The first sentence of the Barna article explains that the poll was about “the role of the Bible in U.S. Society.” The fine print in the survey suggests something slightly different: “Respondents who report reading the Bible within the past seven days and who agree strongly in the accuracy of the Bible are classified as ‘Bible-minded.’” No suggestions are given that someone might act anything scriptural out, put the Bible to use, or otherwise engage it in real life. What we are left with is the idea that people read the Bible and call it accurate, and thus we know something about society.

The logical leaps here are vast. In reality, the survey is not telling us about any “role” of the Bible. It’s all just a mind game.

Despite the difficulty in defining it, “Bible-mindedness” is neither a bad term nor something we shouldn’t pursue. The Bible itself challenges us to be Bible-minded, and you can be sure that the ancient Israelites who first read or heard these pieces of Scripture asked the same questions we’re asking now:

“This is the covenant I will make with the people of Israel
after that time,” declares the Lord.
“I will put my law in their minds
and write it on their hearts.
I will be their God,
and they will be my people.” — Jeremiah 31:33 (NIV)

Bind [God’s laws] on your fingers;
write them on the tablet of your heart. — Proverbs 7:3 (NIV)

Whether we call it “Bible-minded,” “Bible-hearted,” or any other term, the questions being asked are: why do we read the Bible, and what effect should it have on our lives?

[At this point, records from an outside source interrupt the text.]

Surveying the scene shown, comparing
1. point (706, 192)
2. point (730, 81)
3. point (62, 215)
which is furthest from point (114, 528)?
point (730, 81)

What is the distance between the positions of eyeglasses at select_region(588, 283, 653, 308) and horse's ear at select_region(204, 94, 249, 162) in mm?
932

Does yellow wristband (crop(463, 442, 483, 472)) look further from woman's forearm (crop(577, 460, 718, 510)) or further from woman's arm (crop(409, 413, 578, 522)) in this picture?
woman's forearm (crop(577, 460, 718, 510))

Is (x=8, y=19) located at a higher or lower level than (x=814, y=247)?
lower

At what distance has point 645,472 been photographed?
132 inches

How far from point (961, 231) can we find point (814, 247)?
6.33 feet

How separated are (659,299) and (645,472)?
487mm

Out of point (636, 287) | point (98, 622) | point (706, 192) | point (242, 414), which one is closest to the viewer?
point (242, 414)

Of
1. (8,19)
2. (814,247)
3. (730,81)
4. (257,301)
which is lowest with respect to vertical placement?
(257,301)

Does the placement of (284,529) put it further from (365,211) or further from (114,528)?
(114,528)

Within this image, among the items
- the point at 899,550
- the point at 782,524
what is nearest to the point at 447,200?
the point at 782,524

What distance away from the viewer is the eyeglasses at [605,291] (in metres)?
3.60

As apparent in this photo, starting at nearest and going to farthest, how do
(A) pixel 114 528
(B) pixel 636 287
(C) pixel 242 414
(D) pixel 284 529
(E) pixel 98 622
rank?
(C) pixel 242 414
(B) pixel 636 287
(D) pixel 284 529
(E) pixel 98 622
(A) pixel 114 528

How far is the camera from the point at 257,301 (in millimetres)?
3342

As Christians, we can point to one obvious reason that we read the Bible: to learn the truth about God and humanity. But why do we keep reading the Bible? Why does the Bible instruct believers to continually read and teach Scripture?

There are a lot of solid answers to that question, but one passage in particular gives us a good picture of what a “Bible-minded” life looks like:

All Scripture is God-breathed and is useful for teaching, rebuking, correcting and training in righteousness, so that the servant of God may be thoroughly equipped for every good work. — 2 Timothy 3:16-17 (NIV)

This passage is very nearly a checklist of how to “apply the Bible to your life” (to use another common, but also frustratingly vague, phrase). When you read the Bible, do you…

  • …open your mind to the truths it teaches you?
  • …allow it to convict you, when necessary, of sin in your life?
  • …respond to that conviction with prayer, repentance, and other Bible-based action?
  • …earnestly try to put into practice the teachings and values taught in the Bible, with a goal of pursuing righteousness (as the Bible defines “righteousness”)?

If you pursue those actions when you read the Bible, then you’re on your way to living a “Bible-minded” life: a life convicted and reformed on an ongoing basis by God’s Word. That definition encompasses a million different individual experiences of the Bible, and it’s much too involved a definition for practical use in a survey—but by God’s grace, it’s within reach of all of us.